Directions for this task:
Below are some records. Write out the lines from the one containing "Nicolaes Berchem Peasants" to the last line, word for word, leaving out pictures.

(Stored items from a collection)
◆ ◆ ◆ ◆ ◆ ◆ ◆

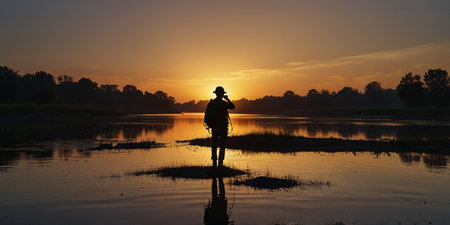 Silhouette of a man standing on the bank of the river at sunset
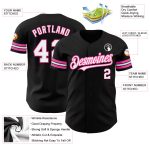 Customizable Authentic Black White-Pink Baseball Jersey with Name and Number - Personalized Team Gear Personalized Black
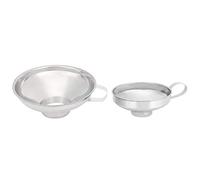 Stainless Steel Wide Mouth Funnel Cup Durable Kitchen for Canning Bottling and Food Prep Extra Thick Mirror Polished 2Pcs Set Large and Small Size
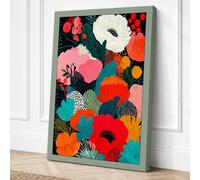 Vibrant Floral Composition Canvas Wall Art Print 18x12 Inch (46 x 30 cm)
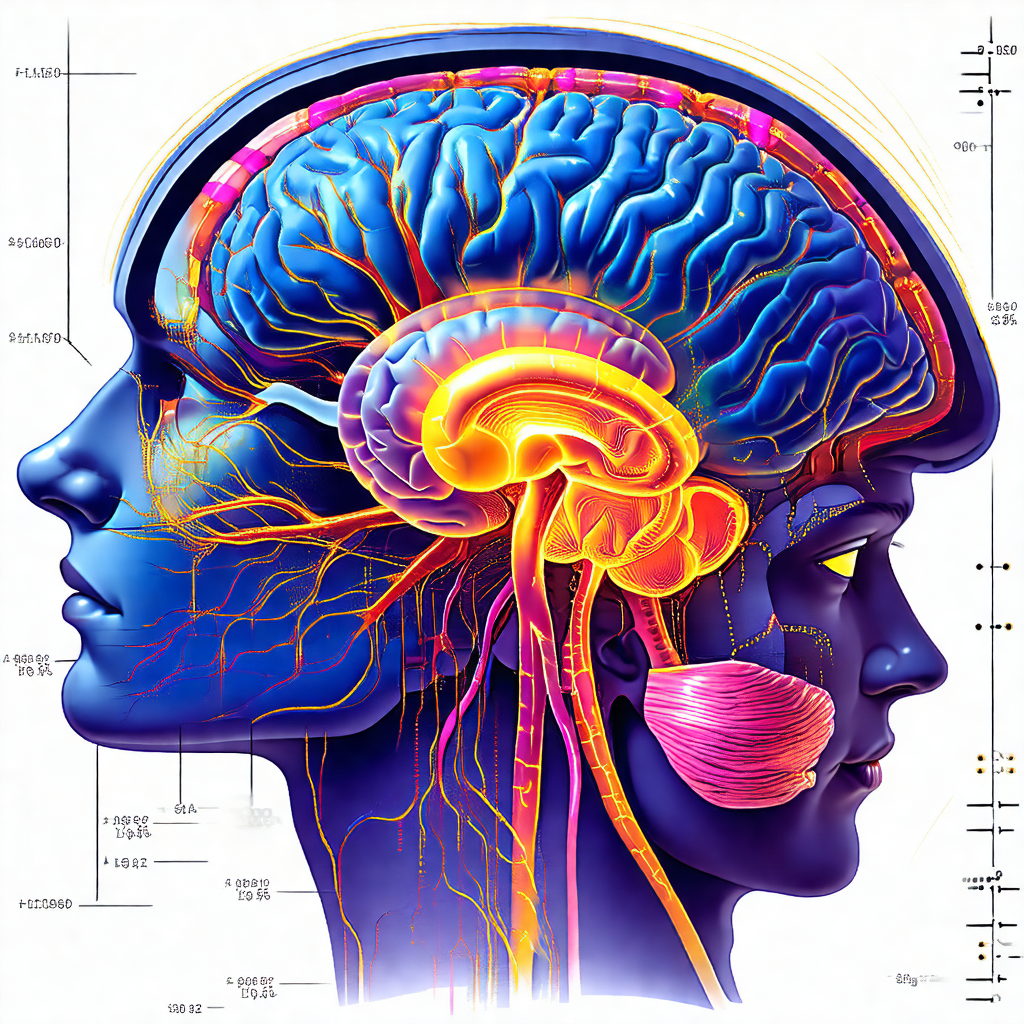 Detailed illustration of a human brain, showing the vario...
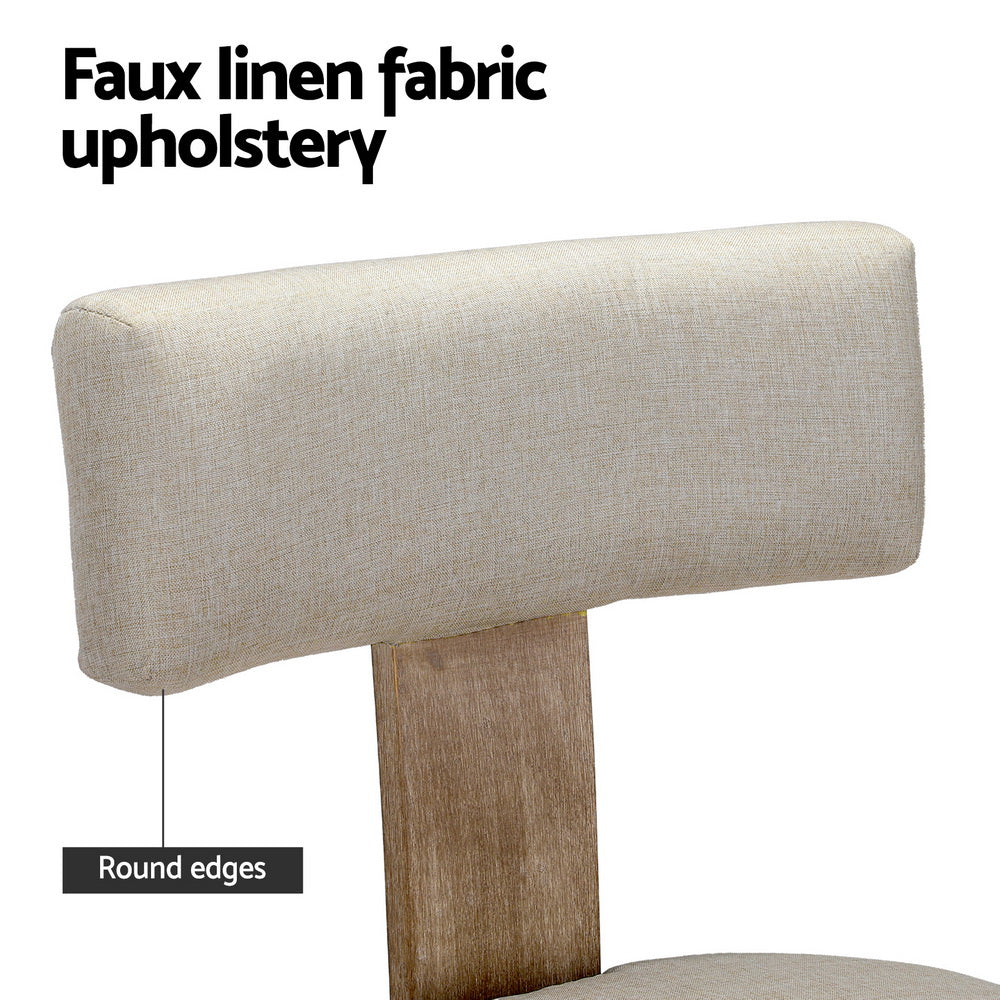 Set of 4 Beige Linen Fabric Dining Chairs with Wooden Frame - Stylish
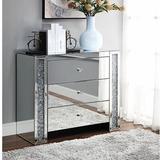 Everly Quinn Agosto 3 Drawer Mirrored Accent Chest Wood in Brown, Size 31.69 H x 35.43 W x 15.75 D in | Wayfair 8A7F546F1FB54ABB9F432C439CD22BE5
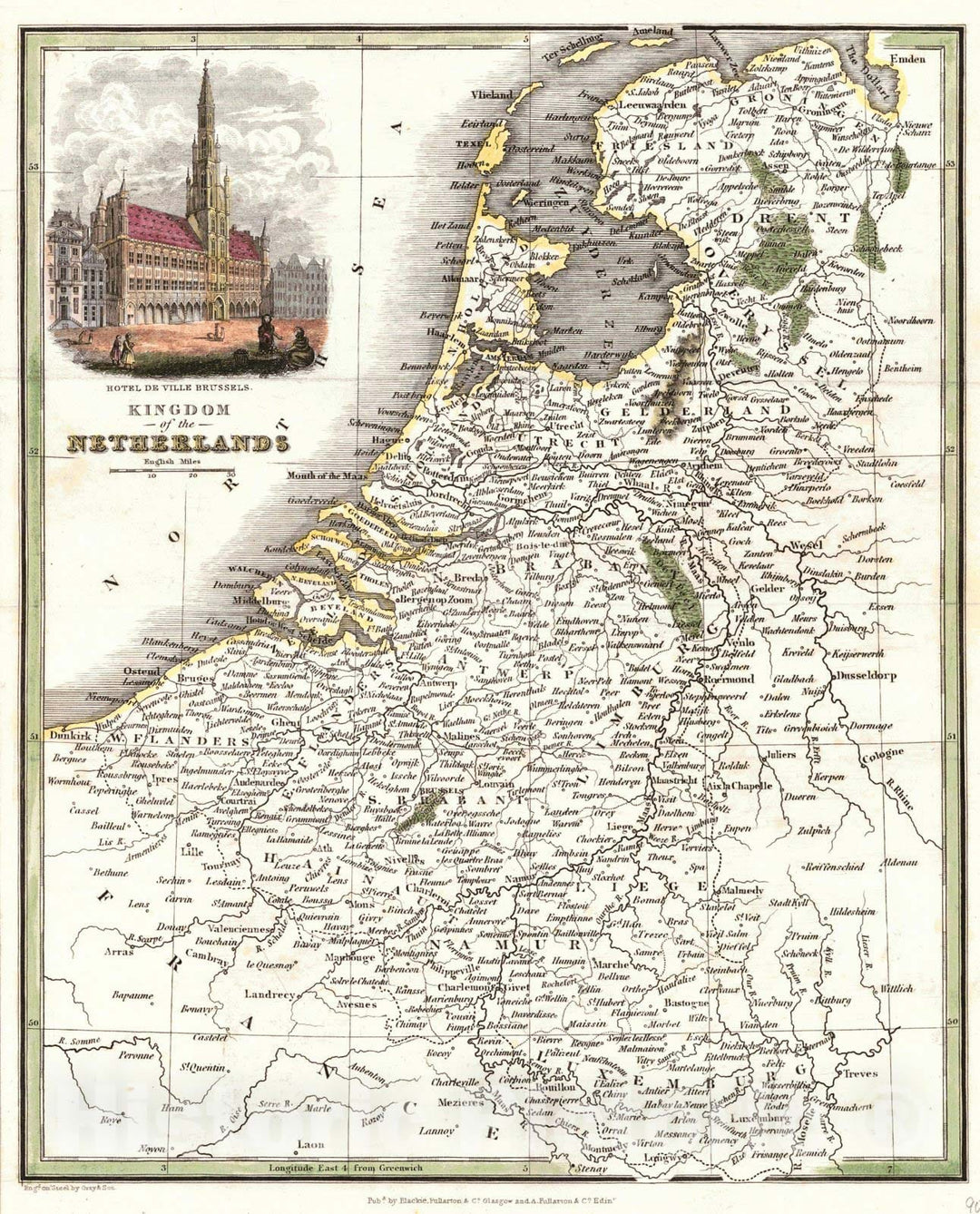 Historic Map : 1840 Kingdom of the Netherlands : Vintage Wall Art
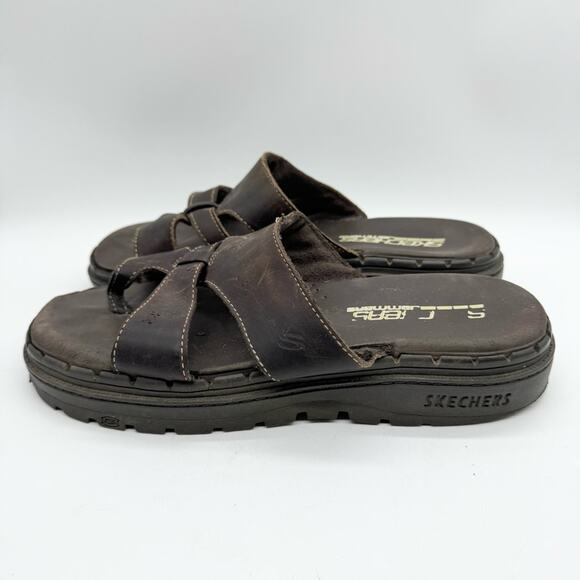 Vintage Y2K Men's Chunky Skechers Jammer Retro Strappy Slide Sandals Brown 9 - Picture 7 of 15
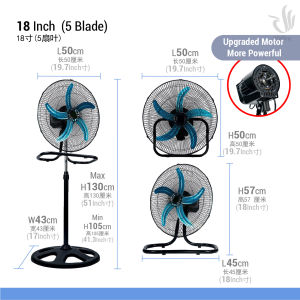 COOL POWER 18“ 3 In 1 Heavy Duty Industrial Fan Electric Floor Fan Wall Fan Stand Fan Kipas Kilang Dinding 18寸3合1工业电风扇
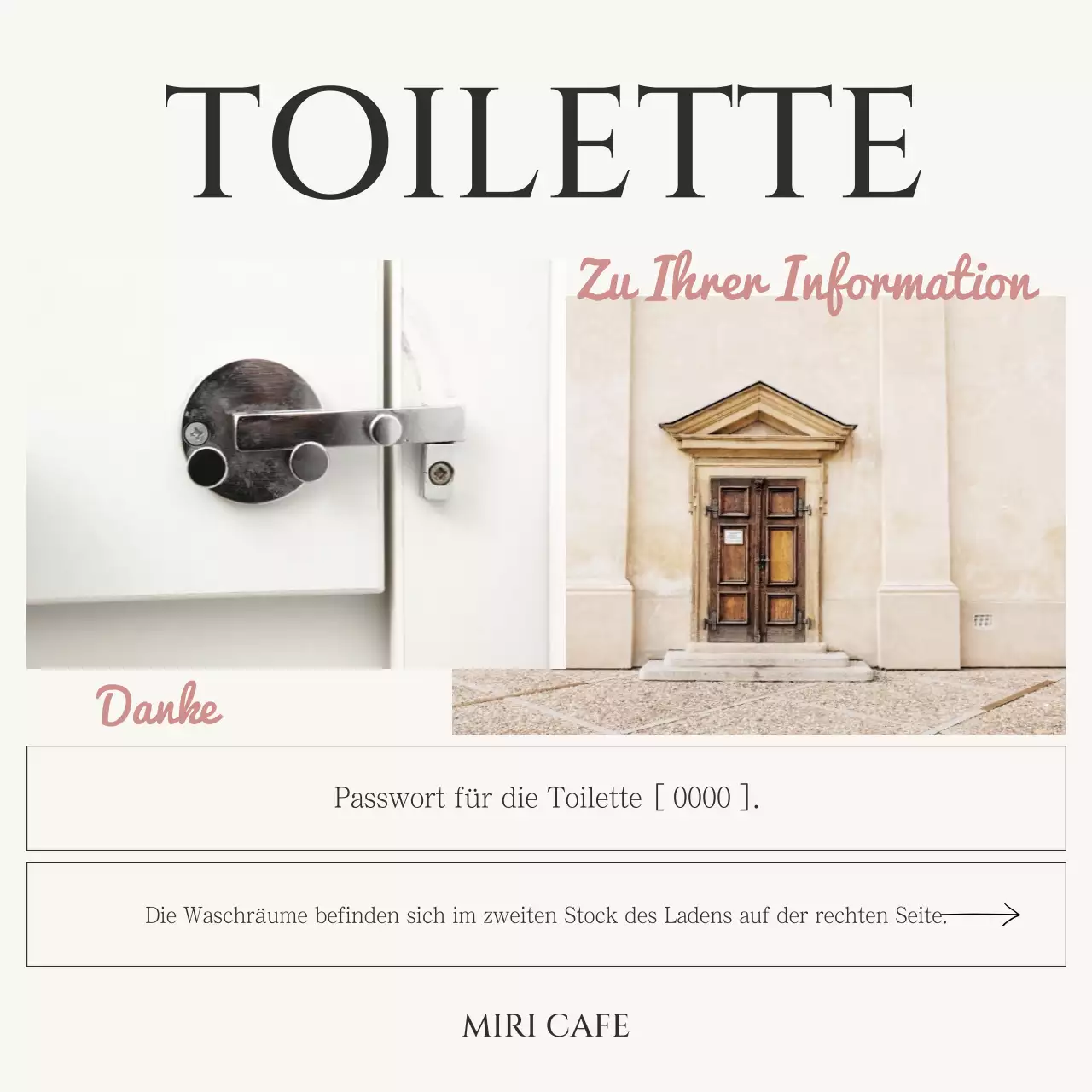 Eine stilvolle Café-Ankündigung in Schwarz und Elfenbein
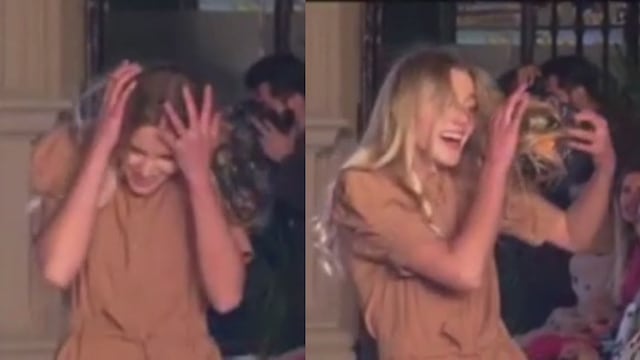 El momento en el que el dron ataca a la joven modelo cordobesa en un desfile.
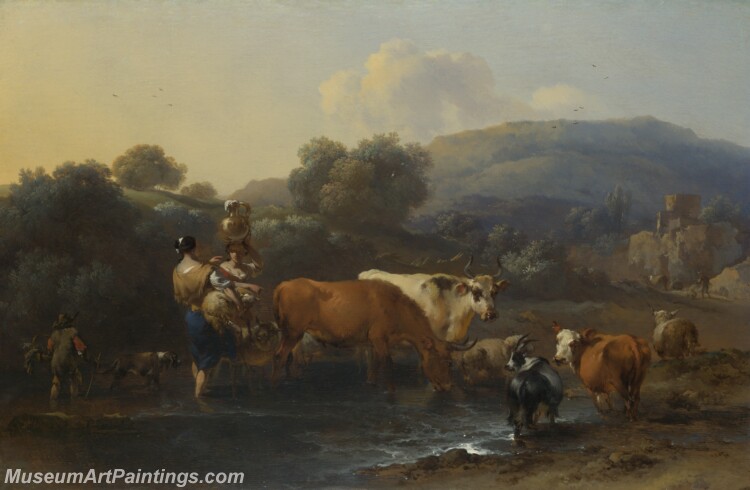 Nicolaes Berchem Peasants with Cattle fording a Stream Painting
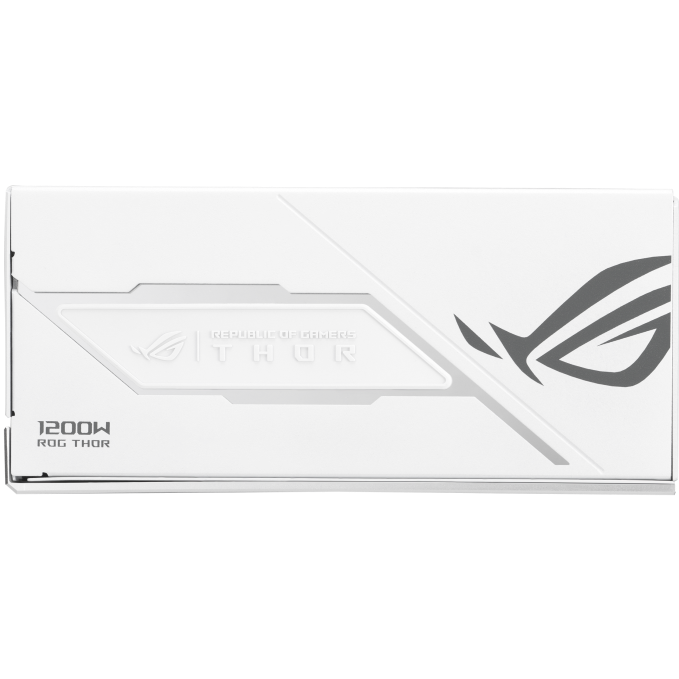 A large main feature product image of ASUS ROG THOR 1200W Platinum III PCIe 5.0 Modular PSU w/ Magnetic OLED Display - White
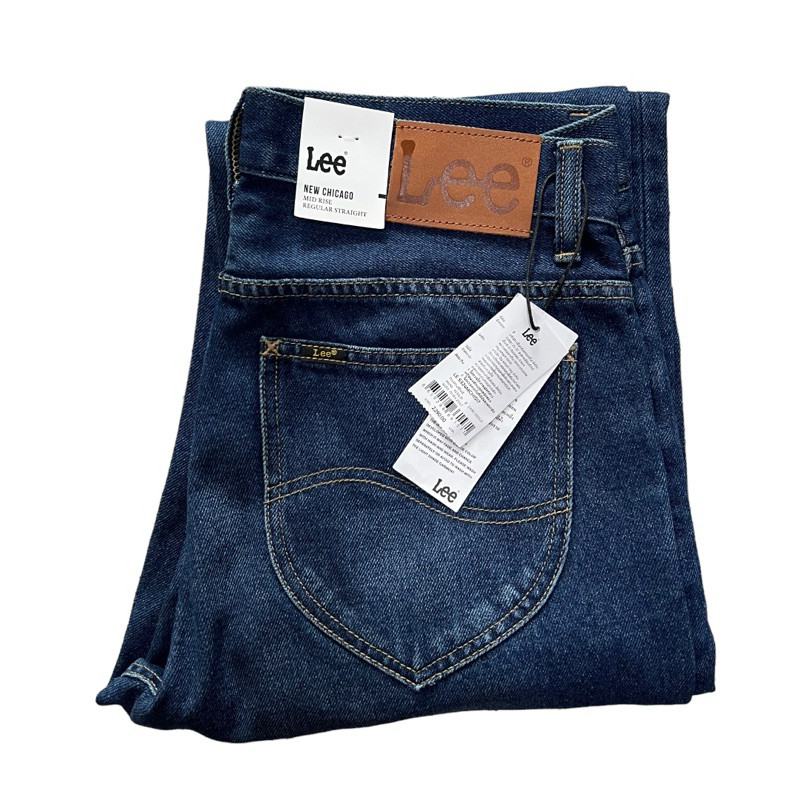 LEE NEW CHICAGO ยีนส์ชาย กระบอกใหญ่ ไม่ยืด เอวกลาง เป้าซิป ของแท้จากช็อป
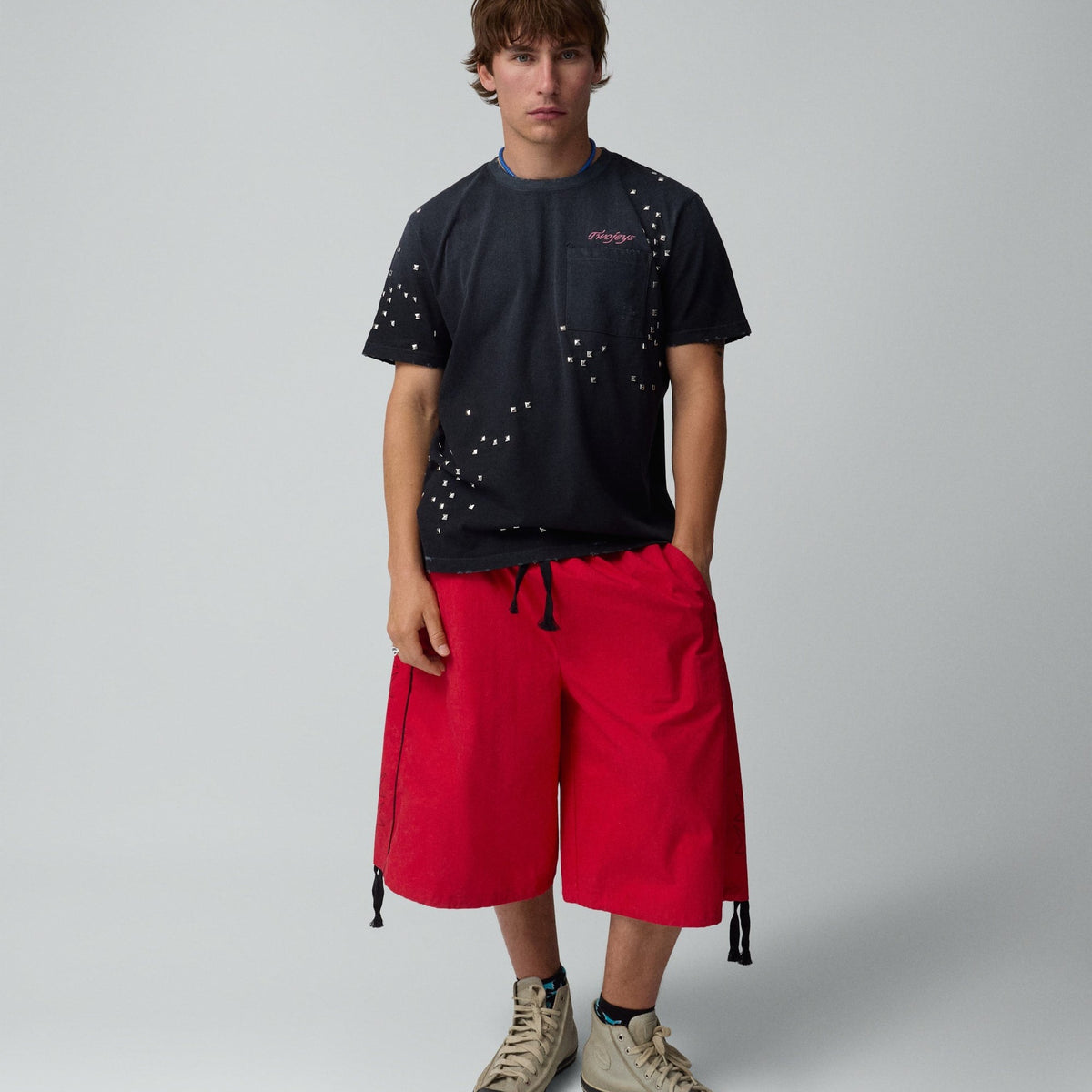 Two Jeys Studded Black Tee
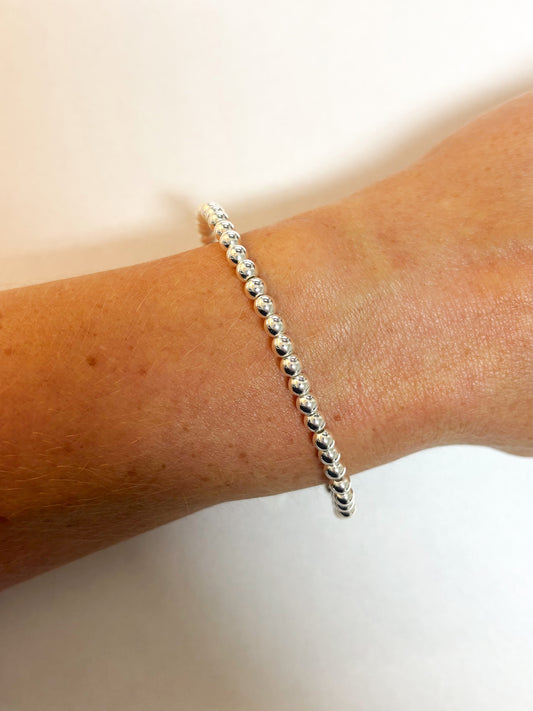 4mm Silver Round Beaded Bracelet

◆ ◆ ◆ ◆ ◆ ◆ ◆

Result:
 Nicolaes Berchem Peasants with Cattle fording a Stream Painting
 A large main feature product image of ASUS ROG THOR 1200W Platinum III PCIe 5.0 Modular PSU w/ Magnetic OLED Display - White
 LEE NEW CHICAGO ยีนส์ชาย กระบอกใหญ่ ไม่ยืด เอวกลาง เป้าซิป ของแท้จากช็อป
 Two Jeys Studded Black Tee
 4mm Silver Round Beaded Bracelet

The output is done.